Only one portion of the data is to be written out: from the line bearing "Camiseta Vlone x Rodman Cheetah Preta" through the line bearing "Prada Black Saffiano Leather Tote". Write it exactly as it appears.

[Records from a data source]

*** Begin section ***

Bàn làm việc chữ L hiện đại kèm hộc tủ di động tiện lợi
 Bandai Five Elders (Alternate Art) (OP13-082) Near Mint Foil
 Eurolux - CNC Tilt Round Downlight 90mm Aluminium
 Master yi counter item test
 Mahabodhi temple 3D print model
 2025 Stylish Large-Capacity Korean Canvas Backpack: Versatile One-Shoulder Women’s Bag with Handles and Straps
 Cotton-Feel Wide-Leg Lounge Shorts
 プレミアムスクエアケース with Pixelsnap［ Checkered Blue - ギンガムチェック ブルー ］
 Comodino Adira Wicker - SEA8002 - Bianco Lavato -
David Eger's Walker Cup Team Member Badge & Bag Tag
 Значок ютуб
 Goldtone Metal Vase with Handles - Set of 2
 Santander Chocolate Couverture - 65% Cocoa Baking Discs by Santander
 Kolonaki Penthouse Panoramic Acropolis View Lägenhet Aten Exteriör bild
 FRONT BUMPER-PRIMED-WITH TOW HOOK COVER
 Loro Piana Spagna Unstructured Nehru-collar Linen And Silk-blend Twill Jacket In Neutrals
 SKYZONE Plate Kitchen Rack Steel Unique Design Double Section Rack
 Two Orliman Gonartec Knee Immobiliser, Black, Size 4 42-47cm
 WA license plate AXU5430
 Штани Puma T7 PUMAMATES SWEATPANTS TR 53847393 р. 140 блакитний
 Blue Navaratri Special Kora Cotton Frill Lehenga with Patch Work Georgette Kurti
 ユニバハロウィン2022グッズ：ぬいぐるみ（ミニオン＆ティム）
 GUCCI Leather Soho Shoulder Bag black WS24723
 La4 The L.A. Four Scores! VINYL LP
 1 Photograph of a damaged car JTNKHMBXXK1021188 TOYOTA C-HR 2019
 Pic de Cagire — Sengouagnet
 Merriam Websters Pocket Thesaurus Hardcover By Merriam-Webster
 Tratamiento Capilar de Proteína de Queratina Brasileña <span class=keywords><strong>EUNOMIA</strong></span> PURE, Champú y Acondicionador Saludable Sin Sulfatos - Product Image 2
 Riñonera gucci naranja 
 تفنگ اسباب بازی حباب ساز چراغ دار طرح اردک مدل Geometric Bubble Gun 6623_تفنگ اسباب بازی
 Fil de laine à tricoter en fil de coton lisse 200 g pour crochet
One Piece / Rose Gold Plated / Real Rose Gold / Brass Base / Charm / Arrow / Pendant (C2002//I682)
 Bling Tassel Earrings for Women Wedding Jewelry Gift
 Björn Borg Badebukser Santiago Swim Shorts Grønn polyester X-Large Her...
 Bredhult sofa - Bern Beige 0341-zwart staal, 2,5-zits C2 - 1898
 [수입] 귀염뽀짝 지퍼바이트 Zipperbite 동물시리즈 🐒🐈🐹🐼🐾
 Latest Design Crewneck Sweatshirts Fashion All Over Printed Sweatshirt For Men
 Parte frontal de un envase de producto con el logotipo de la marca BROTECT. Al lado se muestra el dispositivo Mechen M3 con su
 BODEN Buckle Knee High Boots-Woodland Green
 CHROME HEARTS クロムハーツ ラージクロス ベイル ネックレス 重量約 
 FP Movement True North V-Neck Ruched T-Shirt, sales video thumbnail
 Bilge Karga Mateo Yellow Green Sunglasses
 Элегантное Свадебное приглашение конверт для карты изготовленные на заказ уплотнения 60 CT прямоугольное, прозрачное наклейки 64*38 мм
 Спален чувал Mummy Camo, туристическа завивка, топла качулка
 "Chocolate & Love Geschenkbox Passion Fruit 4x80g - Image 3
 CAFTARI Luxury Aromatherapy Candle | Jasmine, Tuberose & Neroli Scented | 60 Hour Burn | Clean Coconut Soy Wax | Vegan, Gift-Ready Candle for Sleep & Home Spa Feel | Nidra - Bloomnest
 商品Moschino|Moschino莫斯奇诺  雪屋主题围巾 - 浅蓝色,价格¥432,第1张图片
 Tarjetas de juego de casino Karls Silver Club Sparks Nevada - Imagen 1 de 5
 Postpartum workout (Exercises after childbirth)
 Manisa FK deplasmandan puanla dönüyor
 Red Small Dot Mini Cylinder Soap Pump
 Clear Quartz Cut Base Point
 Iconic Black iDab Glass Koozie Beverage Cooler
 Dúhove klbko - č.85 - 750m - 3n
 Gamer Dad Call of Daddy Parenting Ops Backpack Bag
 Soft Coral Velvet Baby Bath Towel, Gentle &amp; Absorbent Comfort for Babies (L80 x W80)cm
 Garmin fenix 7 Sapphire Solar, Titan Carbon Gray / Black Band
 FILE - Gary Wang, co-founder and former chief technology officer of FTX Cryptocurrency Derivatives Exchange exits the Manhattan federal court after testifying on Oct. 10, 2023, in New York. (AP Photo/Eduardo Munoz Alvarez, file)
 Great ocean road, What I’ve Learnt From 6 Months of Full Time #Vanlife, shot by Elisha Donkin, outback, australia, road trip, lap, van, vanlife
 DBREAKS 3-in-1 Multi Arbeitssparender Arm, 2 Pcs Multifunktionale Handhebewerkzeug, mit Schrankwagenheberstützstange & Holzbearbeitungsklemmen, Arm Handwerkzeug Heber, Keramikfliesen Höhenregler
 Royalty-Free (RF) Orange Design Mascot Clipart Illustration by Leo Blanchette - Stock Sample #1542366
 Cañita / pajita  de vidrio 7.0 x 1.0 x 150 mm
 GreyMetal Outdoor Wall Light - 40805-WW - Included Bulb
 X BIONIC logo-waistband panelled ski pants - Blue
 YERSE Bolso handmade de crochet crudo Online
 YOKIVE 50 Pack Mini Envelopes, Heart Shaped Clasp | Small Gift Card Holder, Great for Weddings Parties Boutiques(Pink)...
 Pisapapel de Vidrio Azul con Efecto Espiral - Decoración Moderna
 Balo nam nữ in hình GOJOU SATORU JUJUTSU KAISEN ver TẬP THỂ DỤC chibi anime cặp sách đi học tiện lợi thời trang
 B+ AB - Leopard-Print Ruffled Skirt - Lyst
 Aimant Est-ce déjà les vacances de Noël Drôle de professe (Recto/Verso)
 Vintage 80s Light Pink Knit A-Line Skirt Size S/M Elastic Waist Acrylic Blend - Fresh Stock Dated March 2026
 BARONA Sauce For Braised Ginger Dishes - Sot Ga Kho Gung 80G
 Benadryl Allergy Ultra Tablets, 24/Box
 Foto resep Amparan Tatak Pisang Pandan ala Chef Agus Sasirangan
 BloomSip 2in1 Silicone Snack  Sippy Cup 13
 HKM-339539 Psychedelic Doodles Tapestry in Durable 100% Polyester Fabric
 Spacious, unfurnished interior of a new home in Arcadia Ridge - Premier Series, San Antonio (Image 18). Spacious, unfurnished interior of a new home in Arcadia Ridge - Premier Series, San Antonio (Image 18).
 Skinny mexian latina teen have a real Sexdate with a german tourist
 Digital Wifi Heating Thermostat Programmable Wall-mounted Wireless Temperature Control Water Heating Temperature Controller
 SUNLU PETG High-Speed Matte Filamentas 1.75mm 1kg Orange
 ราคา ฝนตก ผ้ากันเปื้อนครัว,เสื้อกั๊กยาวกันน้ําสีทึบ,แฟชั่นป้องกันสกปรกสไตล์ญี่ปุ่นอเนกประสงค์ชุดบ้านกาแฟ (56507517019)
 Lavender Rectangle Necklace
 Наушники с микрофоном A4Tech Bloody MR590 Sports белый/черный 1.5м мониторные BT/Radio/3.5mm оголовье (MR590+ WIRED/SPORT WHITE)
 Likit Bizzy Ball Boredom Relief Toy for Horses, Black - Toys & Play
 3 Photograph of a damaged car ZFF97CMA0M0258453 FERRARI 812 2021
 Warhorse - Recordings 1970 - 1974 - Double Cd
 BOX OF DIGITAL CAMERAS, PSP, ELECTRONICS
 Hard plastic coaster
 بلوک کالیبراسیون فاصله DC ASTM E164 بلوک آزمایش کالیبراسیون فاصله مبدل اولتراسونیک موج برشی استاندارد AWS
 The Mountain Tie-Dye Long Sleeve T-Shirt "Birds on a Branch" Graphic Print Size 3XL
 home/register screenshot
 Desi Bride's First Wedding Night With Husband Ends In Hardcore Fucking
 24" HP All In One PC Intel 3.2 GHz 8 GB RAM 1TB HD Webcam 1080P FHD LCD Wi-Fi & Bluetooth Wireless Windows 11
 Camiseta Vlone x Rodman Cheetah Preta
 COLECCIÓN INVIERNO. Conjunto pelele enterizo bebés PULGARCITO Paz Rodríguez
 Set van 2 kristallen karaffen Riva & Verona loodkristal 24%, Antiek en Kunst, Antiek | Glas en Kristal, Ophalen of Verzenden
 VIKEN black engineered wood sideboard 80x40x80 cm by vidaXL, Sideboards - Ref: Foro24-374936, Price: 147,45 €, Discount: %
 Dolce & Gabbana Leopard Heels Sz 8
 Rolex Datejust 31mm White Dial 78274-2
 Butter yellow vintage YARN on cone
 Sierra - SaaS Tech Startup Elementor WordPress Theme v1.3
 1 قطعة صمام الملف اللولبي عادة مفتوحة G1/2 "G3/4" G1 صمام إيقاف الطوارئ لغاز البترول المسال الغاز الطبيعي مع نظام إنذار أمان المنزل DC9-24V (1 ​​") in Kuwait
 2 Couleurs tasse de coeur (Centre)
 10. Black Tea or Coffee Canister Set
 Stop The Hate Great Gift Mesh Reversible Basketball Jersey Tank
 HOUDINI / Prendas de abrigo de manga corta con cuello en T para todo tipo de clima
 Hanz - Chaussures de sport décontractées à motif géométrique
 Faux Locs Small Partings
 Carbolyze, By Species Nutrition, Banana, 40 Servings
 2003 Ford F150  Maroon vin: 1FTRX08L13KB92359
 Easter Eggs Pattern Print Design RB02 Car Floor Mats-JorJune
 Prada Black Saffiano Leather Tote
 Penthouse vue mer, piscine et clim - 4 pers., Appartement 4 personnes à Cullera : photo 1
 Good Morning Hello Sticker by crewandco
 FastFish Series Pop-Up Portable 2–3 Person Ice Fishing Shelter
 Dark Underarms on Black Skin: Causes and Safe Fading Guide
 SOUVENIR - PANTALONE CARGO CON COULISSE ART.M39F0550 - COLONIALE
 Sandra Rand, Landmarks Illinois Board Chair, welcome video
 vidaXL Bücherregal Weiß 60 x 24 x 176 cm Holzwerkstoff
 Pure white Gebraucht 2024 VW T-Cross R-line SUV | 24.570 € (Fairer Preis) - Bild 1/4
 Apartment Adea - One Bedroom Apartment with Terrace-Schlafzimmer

*** End section ***

ANSWER TO THE PROBLEM.
 Camiseta Vlone x Rodman Cheetah Preta
 COLECCIÓN INVIERNO. Conjunto pelele enterizo bebés PULGARCITO Paz Rodríguez
 Set van 2 kristallen karaffen Riva & Verona loodkristal 24%, Antiek en Kunst, Antiek | Glas en Kristal, Ophalen of Verzenden
 VIKEN black engineered wood sideboard 80x40x80 cm by vidaXL, Sideboards - Ref: Foro24-374936, Price: 147,45 €, Discount: %
 Dolce & Gabbana Leopard Heels Sz 8
 Rolex Datejust 31mm White Dial 78274-2
 Butter yellow vintage YARN on cone
 Sierra - SaaS Tech Startup Elementor WordPress Theme v1.3
 1 قطعة صمام الملف اللولبي عادة مفتوحة G1/2 "G3/4" G1 صمام إيقاف الطوارئ لغاز البترول المسال الغاز الطبيعي مع نظام إنذار أمان المنزل DC9-24V (1 ​​") in Kuwait
 2 Couleurs tasse de coeur (Centre)
 10. Black Tea or Coffee Canister Set
 Stop The Hate Great Gift Mesh Reversible Basketball Jersey Tank
 HOUDINI / Prendas de abrigo de manga corta con cuello en T para todo tipo de clima
 Hanz - Chaussures de sport décontractées à motif géométrique
 Faux Locs Small Partings
 Carbolyze, By Species Nutrition, Banana, 40 Servings
 2003 Ford F150  Maroon vin: 1FTRX08L13KB92359
 Easter Eggs Pattern Print Design RB02 Car Floor Mats-JorJune
 Prada Black Saffiano Leather Tote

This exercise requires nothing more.